Entrevista com o biblista padre Francesco Giosuè Voltaggio.
A essência do Cântico dos Cânticos não é a posse, mas o desejo. O biblista
explica por que o significado literal e alegórico não estão em contraposição,
mas em estreita continuidade.
Debora Donnini – Cidade do Vaticano
É curiosa a presença do Cântico dos Cânticos na Bíblia
hebraica e cristã. É verdade que o Cântico se inspira em alguns poemas antigos
da Mesopotâmia? E quando poderia ter sido escrito? A riqueza deste texto emerge
com toda a sua determinação na entrevista com o padre Francesco Giosuè
Voltaggio, biblista e professor de Arqueologia e Sagrada Escritura na Terra
Santa e também reitor do Seminário Redemptoris Mater da
Galiléia.
Pe. Voltaggio: O fundo literário do Cântico deve
ser buscado nos cantos de amor egípcios e na poesia nupcial mesopotâmica nas
quais se exaltava a beleza dos noivos, chamados “rei” e “rainha”. Foram
percebidas também semelhanças entre o Cântico dos Cânticos e
um gênero poético árabe, chamado wasf, no qual descreve-se a beleza
dos noivos com a descrição poética de seus corpos. Todavia há novidades
decisivas no Cântico. Por exemplo, ao contrário dos cantos de amor egípcios que
se caracterizam por um monólogo dos protagonistas, o Cântico é um verdadeiro
diálogo entre o amado e a amada, com a intervenção de um coro. Portanto, a
revelação bíblica assume a humanidade – e também a literatura humana – mas a
transfigura, como é o caso, do Cântico que trata do amor humano como humano mas
que ao mesmo tempo o transfigura. Com relação à datação ainda há uma discussão
entre os estudiosos. Varia entre o século X e o século I A.C. A pesquisa
exegética atual é propensa a uma datação perto do final do domínio ptolemaico
na Palestina, ou seja, na primeira metade do século III A.C. Também é muito
interessante que o texto é atribuído a Salomão. Isso é de fundamental
importância para a interpretação do Cântico, porque Salomão significa Sábio por
excelência, e na tradição judaica e cristã é uma figura do Messias.

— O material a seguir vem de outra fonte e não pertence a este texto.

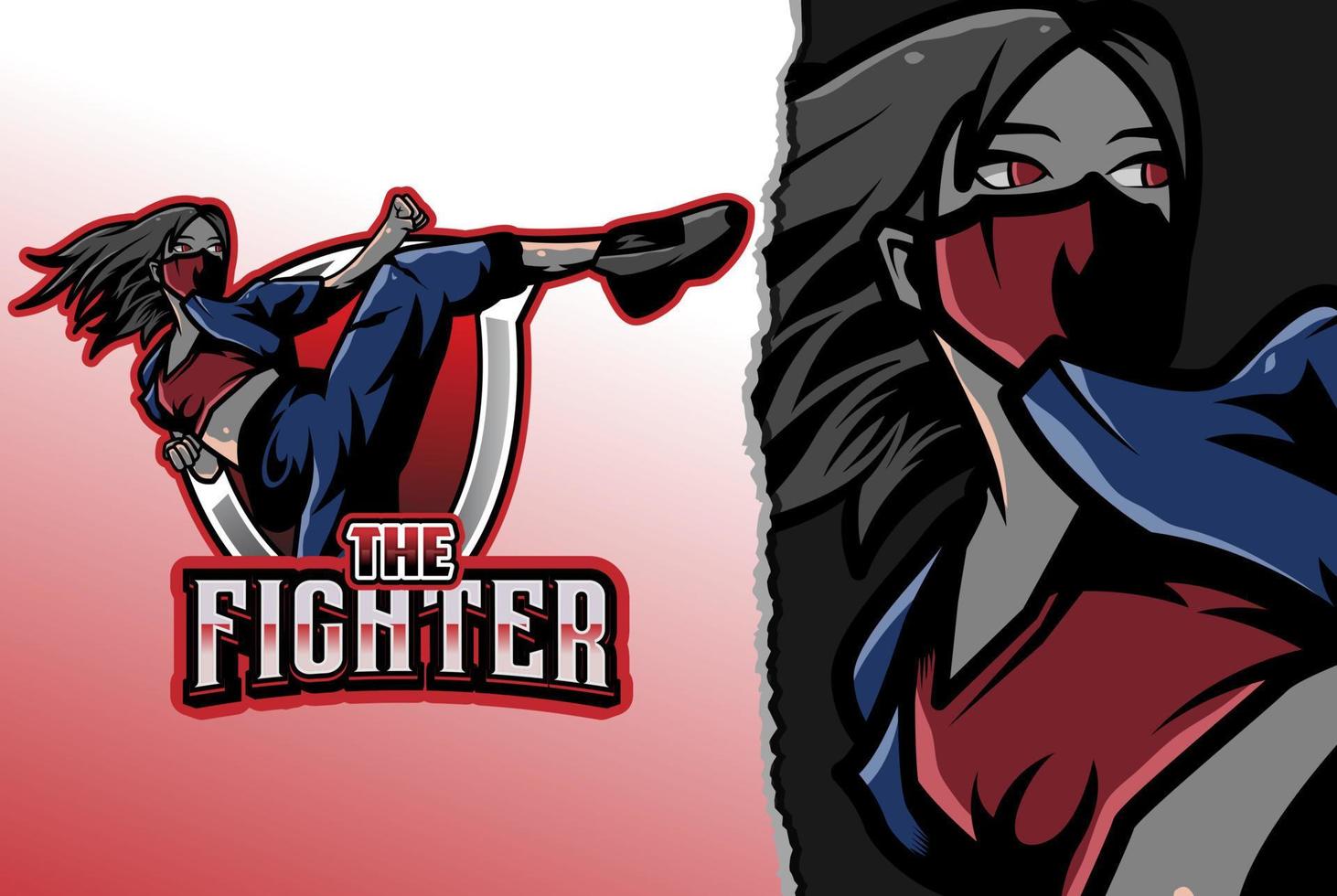 fighter esport logotyp - premium vektor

O Cântico dos Cânticos é fundamentalmente um canto de amor,
de paixão, mas não um amor efêmero: fala-se de um noivo e de uma noiva. E a
característica que talvez torne o amor tão sublime é justamente porque se trata
de um amor de eleição, de escolha, um amor que como diz o Cântico é “forte como
a morte”. Na sua opinião, há esta característica de amor de eleição que pesa
insistentemente no Cântico?
Pe. Voltaggio: Muito. O nome Cântico dos
Cânticos em hebraico tem um valor superlativo por isso pode ser
traduzido também como o “Cântico mais belo”, o “Cântico sublime”. O amor humano
é uma realidade sublime e profunda demais para ser descrita com palavras
humanas e por isso recorre-se à poesia. Portanto, saindo de todos os esquemas,
o amor situa-se no âmbito do estático, do sublime, do divino, ou seja o amor do
Cântico dos Cânticos não é somente de paixão ou de aprazimento, mas é feito de
relação e de distância, de proximidade e de afastamento, de palavras e de
silêncios, de vida e de morte, etc. Por exemplo, no amor entre os dois amados
do Cântico , há duas noites, momentos nos quais o amado e amada se perdem. Mas
o amor humano do Cântico é um amor forte como a morte, uma chama do Senhor.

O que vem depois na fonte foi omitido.